To us that just didn’t make sense as we felt that it is truly comparing two different platforms that are designed for different classes of users. It just strikes me as incredibly narrow minded to compare the two platforms to one other. The P67 platform is for the general users, and the X79 is for the power users. This has been stated by Intel since the inception of the platform, and they have delivered on that.
It is easy to make blanket statements such as “If you don’t need 40 PCIe lanes, you don’t need the 3820”, but that doesn’t make sense to the overwhelming majority of users. What about the functionality that those extra PCIe lanes afford the user?
How many P67 chipsets have 12 SATA ports and 12 USB ports? With the X79 Chipset, this is possible. This type of connectivity is the result of the extra PCIe lanes, not to mention that this chipset is PCIe 3.0 out of the box. There are also users who would require the extra lanes for multiple-GPU setups and those who utilize RAID controllers.
In a sense this gives the chipset an ‘on-the-fence’ approach, a blurring of the lines between an enterprise class workstation and a consumer level product. With the newer stepping of X79 motherboards there will be sure to be some great improvements ahead.
The users who need the performance of 32+GB of RAM, the increased memory bandwidth, or the plethora of connections that come with the X79 chipset already know what they need, so the question becomes which processor to buy.
The entry level pricing of the Sandy Bridge Extreme six core chips is very costly, with the cheapest coming in around $600.00 USD. For those users who need the X79 functionality, this can be a tough pill to swallow. The 3820 comes in and fills a nice gap in pricing for Intel with this chipset. At roughly $319.00 this processor does have a lot to offer.

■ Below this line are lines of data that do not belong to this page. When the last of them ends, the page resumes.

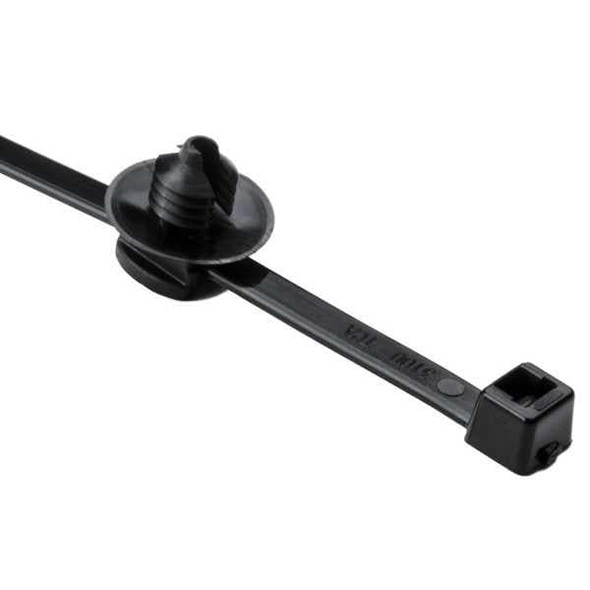 HellermannTyton 150-52693 Cable Tie Mounts T50SOSFT6SD HIRHS BLK FT ASMY | American Cable Assemblies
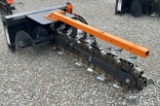 2025 Wolverine Hydraulic Trencher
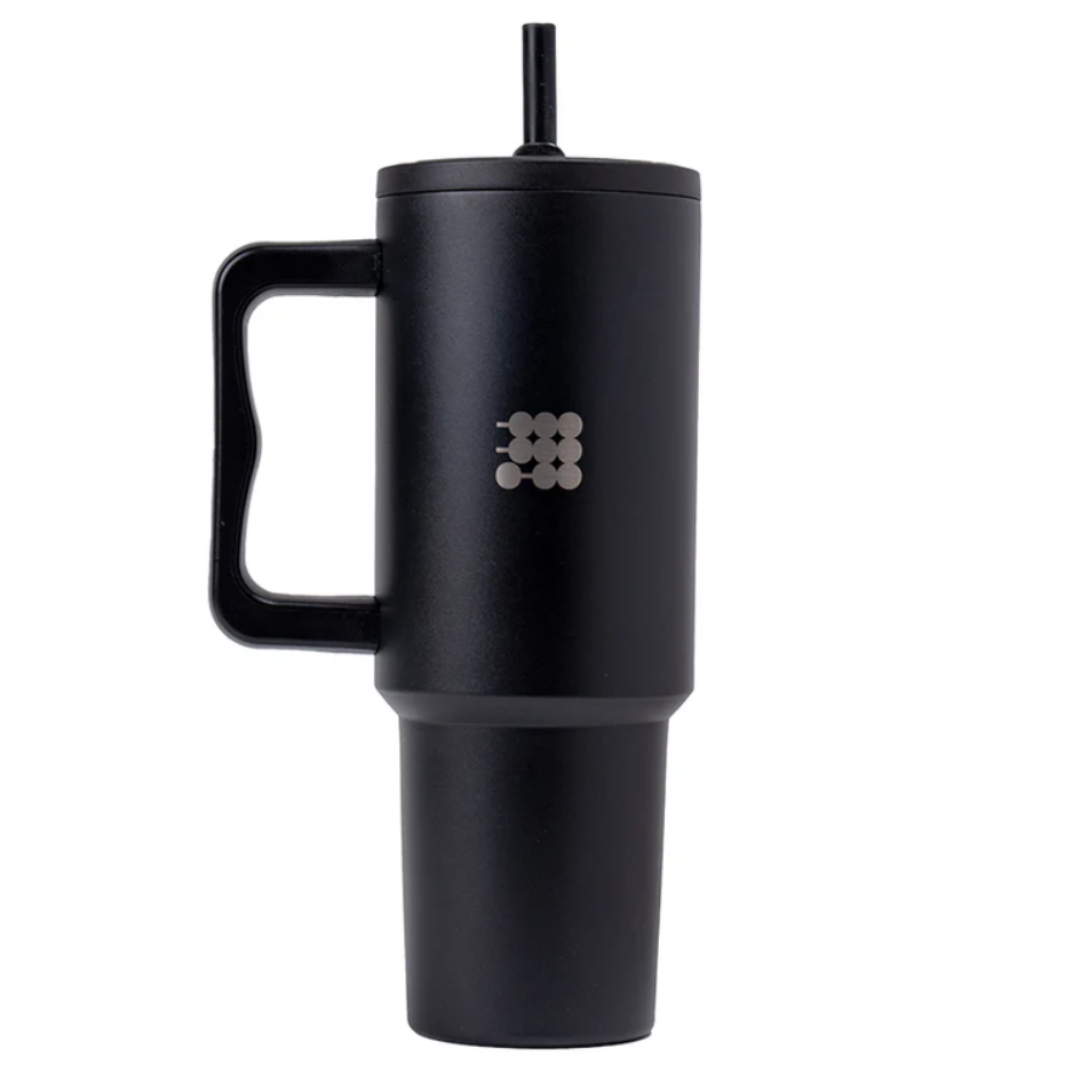 Termo Tumbler Spill-Free 40oz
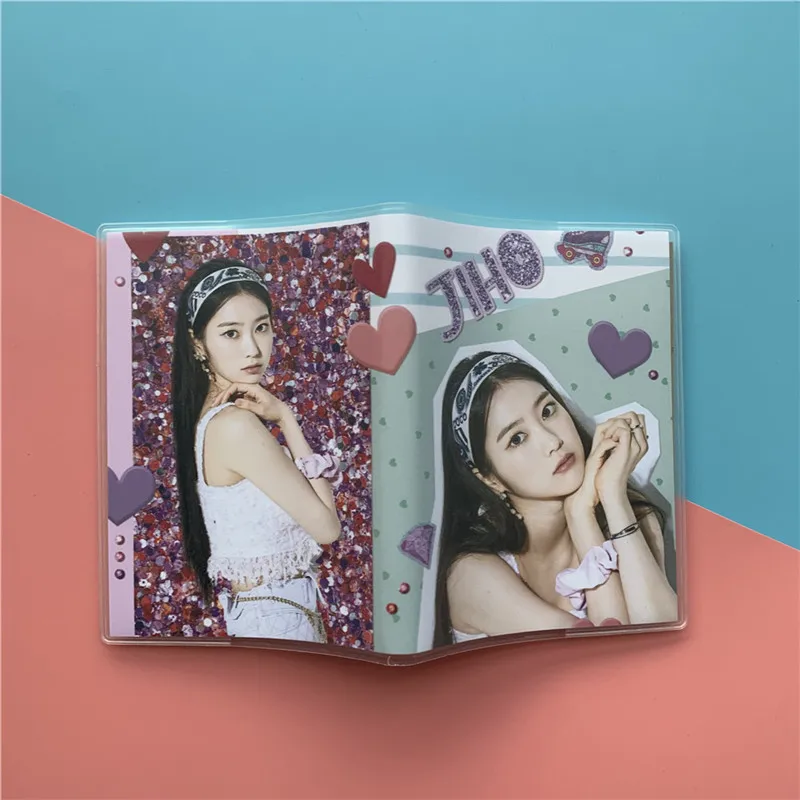 Новый альбом OH MY GIRL 75 страниц блокнот без остановки Молочная Книга канцелярские
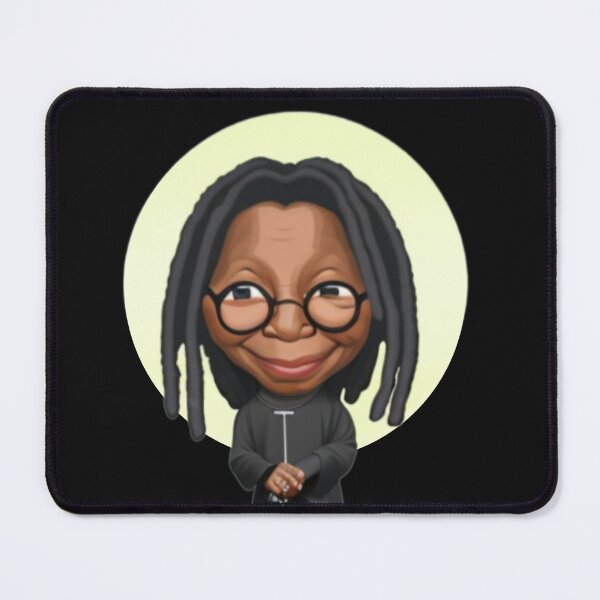 Item preview, Whoopi Goldberg sister designed and sold by hcarts.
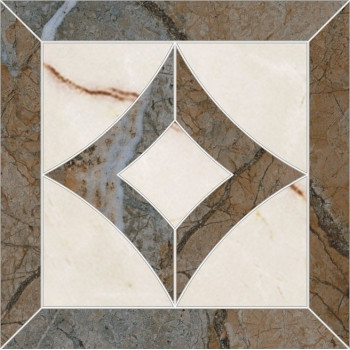 Керамогранит ID113T Угол Театро наборный 16,5x16,5x8,5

The performance in single threaded applications can be at or above the performance of its six core counterparts. This is very important for users as many would mistakenly think that the 6 core processor is faster or more powerful in all applications. This simply is not the case.
We did a lot of power testing over the course of our testing, and why might not be clear to many readers beyond how it might affect their utility bills.
Power also equals heat. The more power that is consumed generates more heat that must be dealt with. Fans must eventually be used in 99 percent of applications to cool the processor, even when using liquid cooling. Even with water cooling, at the end of the water line there will be a radiator with a fan on it. Fans also tend to be the chief generator of noise in any computer. The less heat that has been generated by the processor means cooler performance and less fan and noise needed to handle that heat output.
Power usage also directly leads to heat dumped into the users case. Extremely hot processors lead to hot cases, and with GPUs becoming larger and hotter there certainly is no lack of heat sources in the computer case.
One key consideration over the years for many to use AMD processors is the fact that they operate with a much lower power threshold, so they operate quietly and efficiently. At the end of the day less power consumption leads to a cooler, quieter computer! It also provides higher headroom for overclocking, and facilitates using smaller, quieter cooling solutions. Intel has really delivered in this respect with the 3820.
A good balance must be struck when it comes to several of these considerations. Price V Power is a huge consideration in terms of sheer performance as well. The 3820 performs very well when compared to the other solutions on the X79 Chipset. It is quite simply amazing to see the 3820 actually outperform the 3930K in several areas of our PCMark Vantage testing.
One big takeaway here is that the performance from 6 cores is seen very sparingly in real life usage for a huge percentage of users. The 3930K is extremely powerful , and for those who need that power, it is a wonderful processor. For gaming and general use computers, one would rarely, if ever, witness a benefit from the extra cores. In situations (the vast majority) where the extra cores are never used, the 3820 will give you equal or faster performance while consuming drastically lower amounts of power, be it overclocked or not.
If you are looking for the X79 Chipset and a good CPU at a reasonable price, the i7-3820 certainly fits the bill!